Gaharu is being studied in Malaysia as a non-timber forest product that may facilitate sustainable economic development. Gaharu is a resinous compound formed in the inner wood of trees from Aquilaria and related species as a defense against disease (often fungi). It has been prized for millennia for the sublime aroma produced when Gaharu is burned or extracted into a perfume oil. Known around the world by various names – ood or oud in the Middle East, agarwood, aloes(wood) in the bible – this compound can command upwards of US$2,000 per kilogram in select markets such as Singapore, Saudi Arabia and Japan.

 

Spearheading research into cultivating Gaharu are Prof. Bob Blanchette and Joel Jurgens of the University of Minnesota Plant Pathology Department. Following a trip by Bob and Joel to Sabah in 2006, sponsored by the Alexander Abraham Foundation and facilitated by LEAP, a joint project in Gaharu cultivation technology was developed between the University of Minnesota and LEAP to train staff from MOSTI (Ministry of Science, Innovation and Technology) and FRIM (Forest Research Institute Malaysia), in Peninsular Malaysia, and Sabah Forestry Department, with MOSTI funding the costs for a three-year programme.

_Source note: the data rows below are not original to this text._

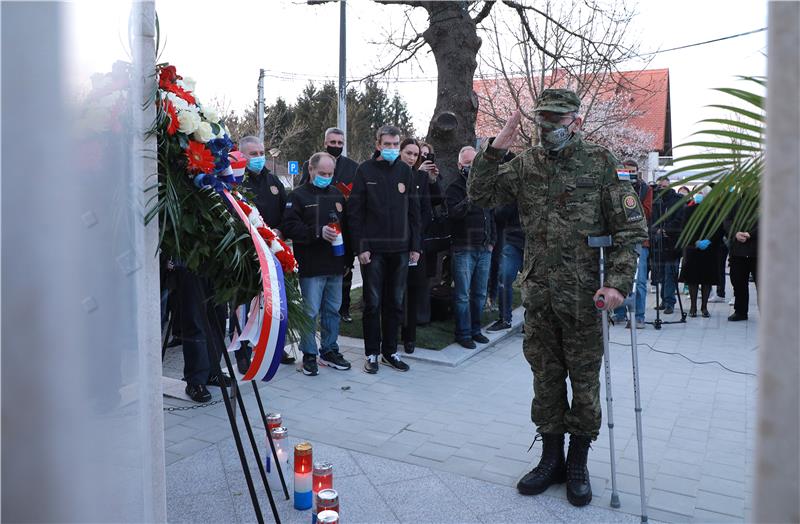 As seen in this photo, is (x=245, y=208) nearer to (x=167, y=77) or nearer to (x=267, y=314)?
(x=267, y=314)

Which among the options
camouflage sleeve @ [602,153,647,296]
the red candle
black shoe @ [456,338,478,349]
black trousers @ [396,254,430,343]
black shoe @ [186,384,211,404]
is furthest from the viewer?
black shoe @ [456,338,478,349]

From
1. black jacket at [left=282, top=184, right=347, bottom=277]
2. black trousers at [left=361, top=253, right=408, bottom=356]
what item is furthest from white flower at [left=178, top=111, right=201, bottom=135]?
black trousers at [left=361, top=253, right=408, bottom=356]

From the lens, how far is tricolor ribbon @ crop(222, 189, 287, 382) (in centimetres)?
313

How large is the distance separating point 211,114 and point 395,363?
4.00 metres

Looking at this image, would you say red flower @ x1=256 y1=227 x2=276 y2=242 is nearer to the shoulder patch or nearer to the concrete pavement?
the concrete pavement

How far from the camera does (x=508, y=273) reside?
8.69 m

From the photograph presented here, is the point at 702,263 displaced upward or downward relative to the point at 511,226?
downward

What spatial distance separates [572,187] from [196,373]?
3332 mm

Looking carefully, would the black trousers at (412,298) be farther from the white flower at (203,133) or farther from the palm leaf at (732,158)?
the palm leaf at (732,158)

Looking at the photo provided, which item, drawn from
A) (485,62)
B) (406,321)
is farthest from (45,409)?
(485,62)

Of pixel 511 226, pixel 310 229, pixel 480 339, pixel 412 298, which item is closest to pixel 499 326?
pixel 480 339

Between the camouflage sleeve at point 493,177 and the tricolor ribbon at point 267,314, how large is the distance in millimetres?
1341

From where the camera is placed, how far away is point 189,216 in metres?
3.03

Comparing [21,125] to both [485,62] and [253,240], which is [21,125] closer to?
[253,240] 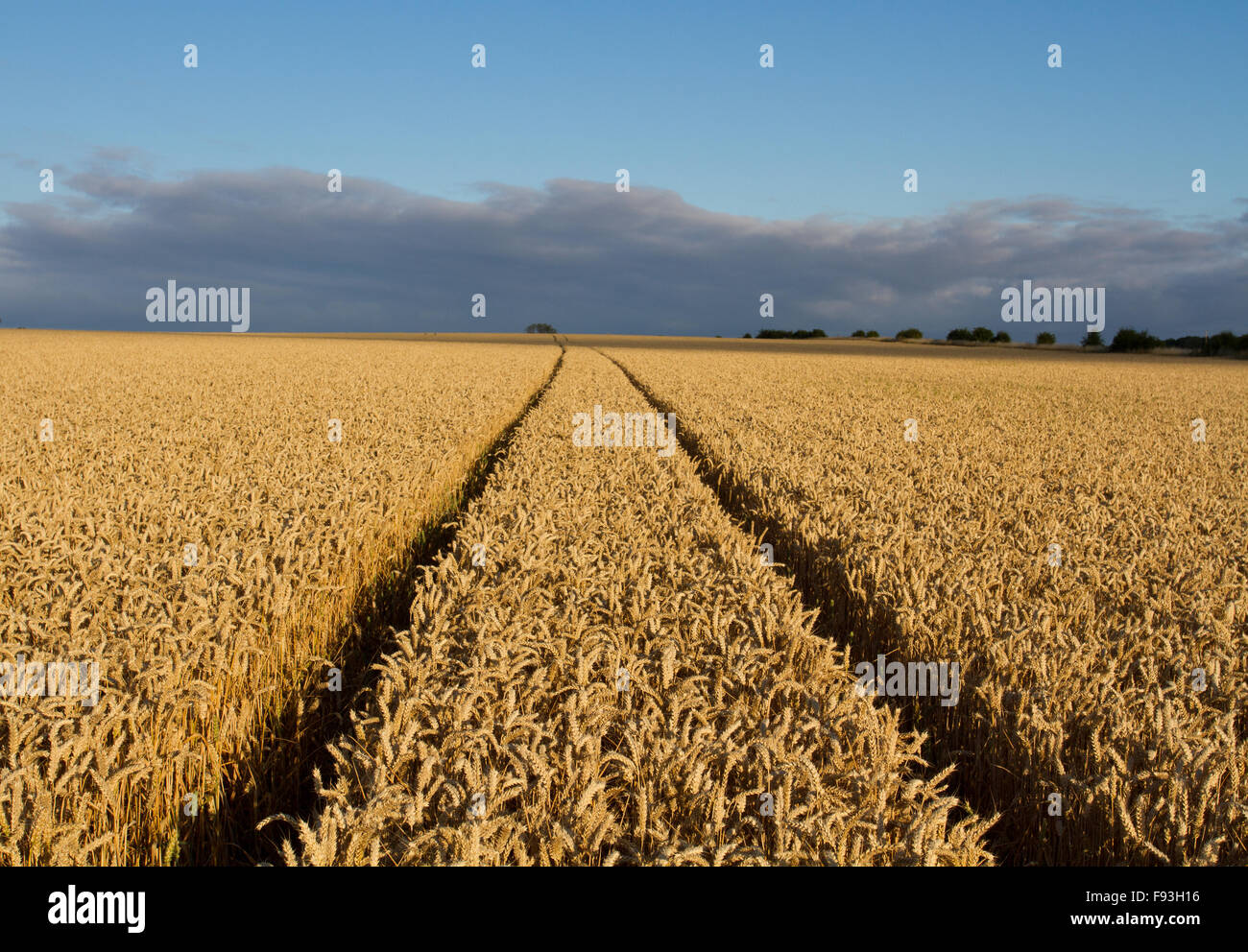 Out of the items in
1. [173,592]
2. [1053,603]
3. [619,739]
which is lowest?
[619,739]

Field trials using Gaharu induced technology started in March 2007, in three sites in Malaysia: Sabah’s Sook Plain Forest Reserve, along with FRIM’s research plantation and Agency Nuclear Malaysia trees located in an old rubber plantation, both in Peninsular Malaysia.

 

A year after the start of the trials, one tree was cut at each of the three sites and evaluated. Excitingly, all the trees harvested were found to have produced Gaharu in varying amounts and concentration. The remaining trees were treated again during this visit, to maximize the amount of Gaharu produced per tree.

 

LEAP then facilitated the second harvest in December 2008 when Bob and Joel returned to Sabah and Peninsular Malaysia on the final phase of the programme, to cut and evaluate several trees from each site.

 

Meanwhile, DNA profiles of Sabah’s Gaharu trees which were originally believed to be Aquilaria malaccensis were found to match more closely A. beccariana or A. macrocarpa, the former producing some of the highest grade Gaharu in the world. Further studies are being carried out to better understand all the Gaharu species growing in Sabah.

 

The final evaluations from the trees harvested confirm that Gaharu resin began to form after only 12 months and significant amounts were produced after 20 months. Trees with more treatment sites had greater quantities and higher quality of Gaharu and it appears that Gaharu production could be optimized by more treatment at the start, or further treatment of existing trees.



LEAP looks forward to extending the work with Bob and Joel including the interesting possibility of women from PWET (Project Women Empowerment Trees), who have planted Gaharu seedlings in their villages, visiting a successful microenterprise scheme in Vietnam where Gaharu is being cultivated and products marketed internationally.

 

The future hope is to use this innovative yet relatively simple technology to work with indigenous communities to create an alternative means of income generation from their land.